Sur le plan de la recherche, les rapports de la Cour des comptes s’accumulaient pour demander à l’école de s’assurer d’une bonne maîtrise de sa stratégie de recherche, à finalité économique, et de la pertinence du modèle économique en place. Nous en étions fort éloignés puisque dans mes relations avec la structure de gestion – associative – de notre recherche partenariale, je naviguais en permanence au bord de la gestion de fait et autres associations transparentes. Par ailleurs la structure associative gestionnaire de notre recherche partenariale cumulait les déficits d’exploitation. Dans le même temps l’engagement quotidien des acteurs de la recherche en général et de la recherche partenariale en particulier était au rendez-vous, avec un label Carnot essentiel pour notre établissement – qui a d’ailleurs été renouvelé l’été dernier (je salue ici son directeur Philippe Véron) –, mais cela se déroulait dans un contexte éminemment flou, ouvrant notamment la porte aux abus – certes peu nombreux mais pour autant totalement inacceptables –.

Plus globalement, l’école était réputée pour sa richesse – on m’avait indiqué lors de mon recrutement qu’il y avait 30M€ en caisse – qui allait de pair avec la faiblesse de sa gestion. De ce fait l’école n’avait pas encore bénéficié en 2012 du passage aux RCE – il faudra attendre 2015 pour cela – ; celui-ci devant succéder à une réforme statutaire permettant à l’établissement d’avoir les moyens de ses ambitions et à la direction générale d’insuffler et déployer la stratégie de l’établissement. Mon premier rapport d’étonnement concerna ce point, avec un établissement de plus de 1000 agents dans lequel la culture administrative était assez rudimentaire et les procédures hétérogènes et essentiellement orales.

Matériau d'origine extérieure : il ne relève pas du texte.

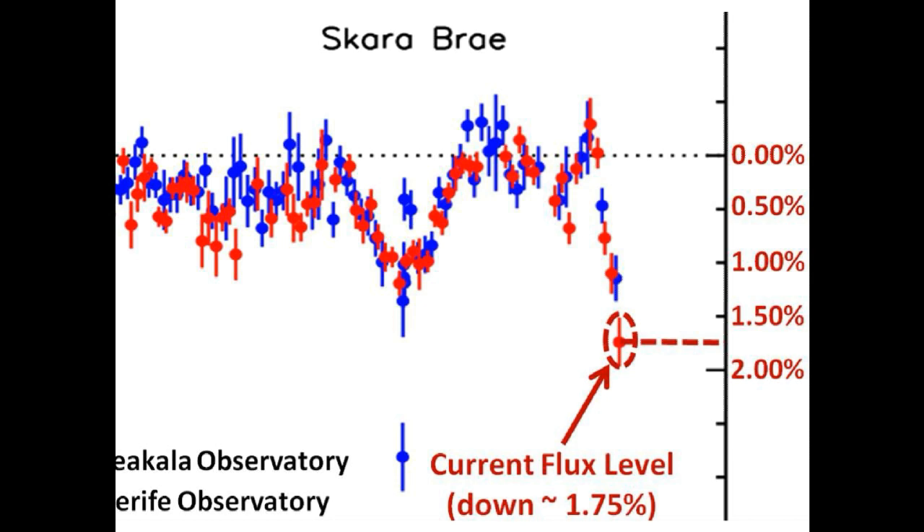Could this be the record dimming that we have been waiting for? Just think of the massive size of what is blocking the light — it is equivalent to the light-blocking capability of three Jupiters. It's massive, and it's moving fast.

Avant d’aller plus loin il me faut marquer un temps. Marquer un temps tout d’abord pour signaler que je ne trouvais pas un établissement dans lequel mes prédécesseurs avaient démérité. Pour n’en citer que deux, je salue très amicalement mon prédécesseur immédiat, Jean-Paul Hautier, qui par son engagement a permis à l’établissement de voir ses statuts modifiés, afin de lui donner des chances pour l’avenir. Je salue ici également la mémoire de Guy Gautherin, qui dirigea l’école de 1991 à 2001 et créa la direction générale de toutes pièces, suite à la réforme statutaire de 1990 qui fit émerger l’établissement public réseau. J’ai tenté de leur faire suite avec enthousiasme et modestie, et je ne doute pas qu’il en sera de même de mon successeur.

Marquer un temps également pour dire combien les personnels de cette école sont attachés à elle et à son identité, et ont la volonté de la faire progresser. Simplement le système statutaire dans lequel nous étions plongés jusqu’en novembre 2012 ne permettait en rien de mener des réformes en profondeur et contribuait de fait à une utilisation très sous optimale du denier public.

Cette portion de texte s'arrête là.